Custom transformation for Sync mode Incremental - Deduped History do not create _scd tables

Hi, I have added custom transformation on top of the raw data to transform it.

I have choose Sync mode Incremental - Deduped History for the postgres destination connector. When the data was sync, the sync process did not create intermediate table i.e, history table which ends with _SCD.

Wanted to understand for the deduped incremental sync to work, is it mandatory to select Basic Normalization ?

Can you please suggest?

You need to keep Normalized tabular data enabled to run normalization and create the final tables.
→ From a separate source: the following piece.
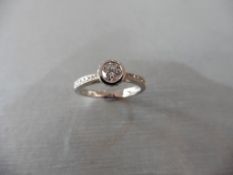 18ct white gold diamond set solitaire ring with a Brilliant cut diamond weighing 0.41ct secured in a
Is your dbt transformation a copy from the normalized tabular data output or a custom queries you want to run afters?

its basically copy of the normalized tabular data output. When I look at the generated model, it creates table with stream name having tranformations with CTE within the table script. I just created a dbt with these sqls without table creation, as dbt will create table with name of the model.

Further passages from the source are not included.